Was aber wahrscheinlicher noch schwerer wog und mir grade deutlich mehr nachgeht: Sein Umgang mit der Depression. Kiki schrieb darüber als das „schwarze Wölkchen“, und man (oder ich) las es an seinen Blogposts, seinen Tweets, und einer meiner weniger bewussten Hintergedanken war an sich immer, da hats jemand hinbekommen. Ich weiss nicht, ob ichs mir einbildete, aber Johannes schien mir immer wie jemand, der das tut, was man in der Verhaltenstherapie gegen Depressionen lernt, und nicht nur, weil er es lernen musste, sonndern aus tiefster Überzeugung, oder, wie oben geschrieben, mit Herz und Hirn.

Manchmal war ich ein wenig neidisch, weil ich dachte, da hat es jemand einfach auch leichter: auch und gerade im Job an sich immer für Dinge einzustehen, die einem wichtig sind, in denen sich Sinn finden lässt. Und jetzt, wo ich den Satz schreibe, komm ich mir unfasslich dämlich vor, aber ich denk nicht mal, dass ich da sowas besonderes oder allein damit bin. Johannes war für mich immer so ein Stück weit Orientierungspunkt im Umgang mit der Depression: man hat ebenso mitbekommen, wenn er sich grade durch eine dunkle Zeit kämpfen musste, wie dass er sich dann wieder mit voller Kraft auf die Dinge stürzte, die wichtig waren, die Sinn ergaben. Und man orientiert sich naturgemäß nicht an denen, die eben diese Dunkelheiten nie haben. Die, die sie kennen und trotzdem durchgehen, weitergehen, weitermachen, an denen kann man lernen, dass es geht. Und man kommt nie auf die Idee, dass sie straucheln könnten, nein.

Das achtsam sein. Es ist mir einmal passiert, dass ich aus dem schlichten, simplen Nichtfürmöglichhaltenkönnen versagt hatte, als es nötig gewesen wäre. Und jetzt geht mir grade dieses Gefühl wieder nach: bei wem kannst du dir was nicht vorstellen, kommst gar nicht *auf die verdammte Idee*, dass gerade vielleicht alles am Kippen ist? Es gibt da draussen ein paar Leute, die haben mir so verdammt viel geholfen, als es nötig war, und dann frag ich mich, merkst du selber eigentlich, wenn was nötig ist?
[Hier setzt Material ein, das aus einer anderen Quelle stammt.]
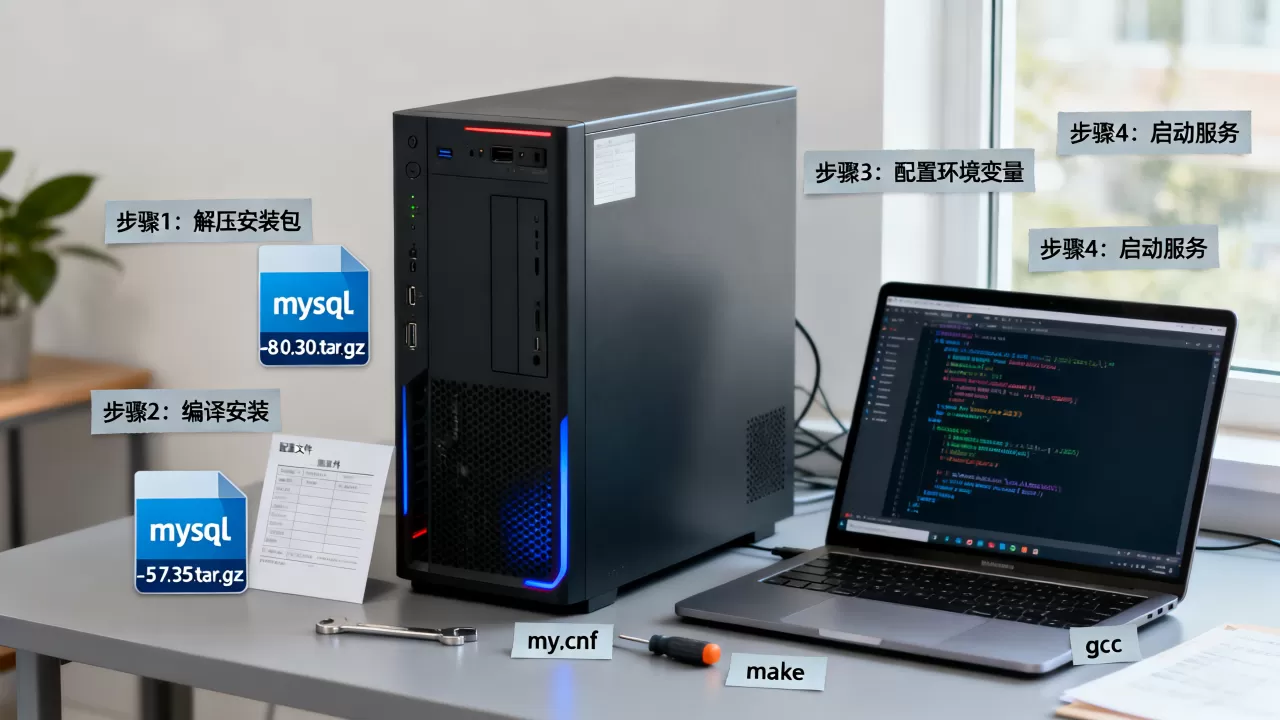 一台服务器如何安装两个mysql,详细安装步骤是什么? 一台服务器如何安装两个mysql,详细安装步骤是什么?
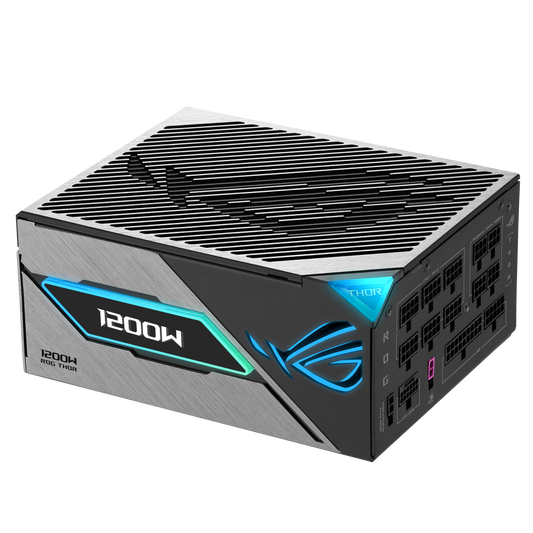 ROG THOR 1200W PLATINUM III PSU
Bei allen, wo es vielleicht sein könnte?

Jemand, der sich im Dunklen nochmal deutlich besser auskennt als ich, sagte mir mal „Wir sind alle sehr gute Schauspieler.“ Nicht mit Stolz, bewahre. Auch nicht ganz resignierend, aber nun. Ich kann Christians ratlosen Zorn nachvollziehen, aber ich weiß weder Vorwürfe noch Antworten. Johannes, hab meinen Dank und find deinen Frieden.